さて、一方、詩織は別《べつ》荘《そう》から逃《に》げ出したものの、小さな島である。どこへ逃げると言っても……。
「そうだわ!」
ボートがあった。あれを使おう。
どうやれば動くのか、よく分《わか》らないが、ここで殺人犯が追って来るのをぼんやりと待っているよりいいだろう。
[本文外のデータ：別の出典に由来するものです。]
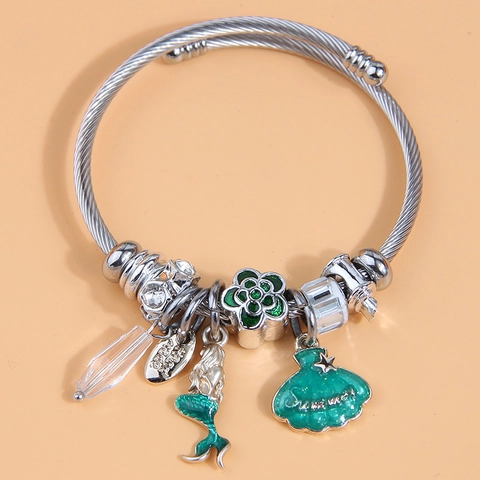 Meerjungfrau Muschel Charm Armreif Armband Legierung Stahlkabel Gedrehte Textur Ozean Thema Sommer Schmuck Für Damen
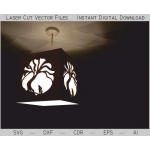 Tree Pendant Lamp Shade Laser Cut File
さっきの岩かげに駆《か》けて行ってみると、ボートはちゃんとそこにあった。
こわごわ乗り込《こ》み、手で岩をえいっと押《お》すと、ボートは波に乗って、上下に揺《ゆ》れながら岩から離《はな》れた。
「きっと、これを引っ張るんだわ」
エンジンについている紐《ひも》を、思い切りぐいと引くと、ブルル、と音を立て、エンジンがみごとにかかった。
「やった!」
私の腕《うで》も捨《す》てたもんじゃないわ、などと感心していると、突《とつ》然《ぜん》、ブオーッと音をたててボートが走り出した。
「キャッ!」
詩織はボートの中で引っくり返ってしまった。
「ちょ、ちょっと!——あのね、そんなにあわてないで! 落ちついてよ!」
そんなことを言ってもボートが聞くはずもない。激《はげ》しく右へ左へとカーブしながら、ボートは海面を走り出した。
「ええと——舵《かじ》、舵——」
これだ。——舵を両手でつかんで、エイッと真《まつ》直《す》ぐにすると、ボートは一直線に走り出した。
「これでいいんだわ」
詩織はホッとした。やってみりゃ、結構簡《かん》単《たん》じゃないの。
海は穏《おだ》やかで、天気はいいし、なかなかいいドライブ(?)日《び》和《より》だった。
詩織も鼻歌など歌って、いい気分……。
問題はただ一つ。——詩織は気が付いていなかったが、ボートは陸地と反対の方向へと走っていたのである。